The paper tackles the problem of low generalization in reinforcement learning for multi-stage stochastic power dispatch, proposing a contextual meta graph reinforcement learning method that achieves rapid adaptation to unseen scenarios with few updates, verified through numerical comparisons showing optimality, efficiency, adaptability, and scalability.

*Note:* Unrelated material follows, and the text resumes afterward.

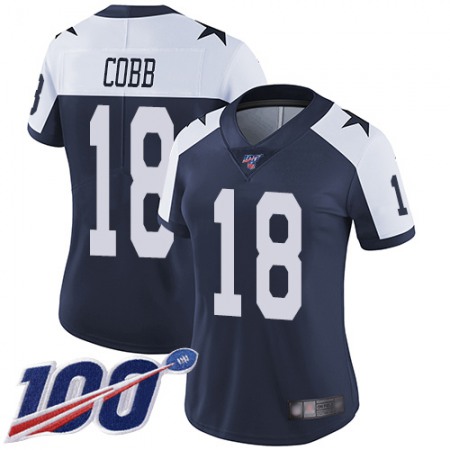 Nike Cowboys #18 Randall Cobb Navy Blue Thanksgiving Women's Stitched NFL 100th Season Vapor Throwback Limited Jersey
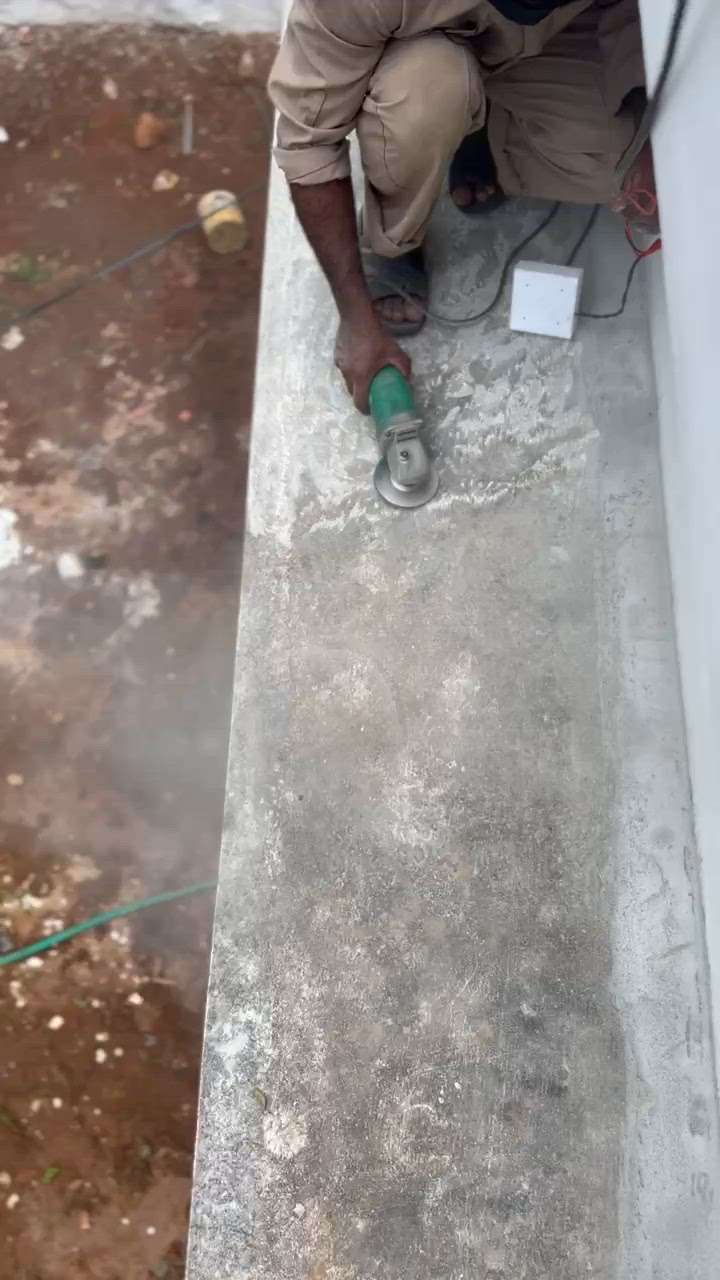 **Waterproofing**
Surface preparation- Grinding concrete (Grinding removes paint, epoxies, dirt and other remnants left on the concrete. The grinder rubs against the top layer of the floor leaving a smooth surface)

Reinforcement learning is an emerging approaches to facilitate multi-stage sequential decision-making problems. This paper studies a real-time multi-stage stochastic power dispatch considering multivariate uncertainties. Current researches suffer from low generalization and practicality, that is, the learned dispatch policy can only handle a specific dispatch scenario, its performance degrades significantly if actual samples and training samples are inconsistent. To fill these gaps, a novel contextual meta graph reinforcement learning (Meta-GRL) for a highly generalized multi-stage optimal dispatch policy is proposed. Specifically, a more general contextual Markov decision process (MDP) and scalable graph representation are introduced to achieve a more generalized multi-stage stochastic power dispatch modeling. An upper meta-learner is proposed to encode context for different dispatch scenarios and learn how to achieve dispatch task identification while the lower policy learner learns context-specified dispatch policy. After sufficient offline learning, this approach can rapidly adapt to unseen and undefined scenarios with only a few updations of the hypothesis judgments generated by the meta-learner. Numerical comparisons with state-of-the-art policies and traditional reinforcement learning verify the optimality, efficiency, adaptability, and scalability of the proposed Meta-GRL.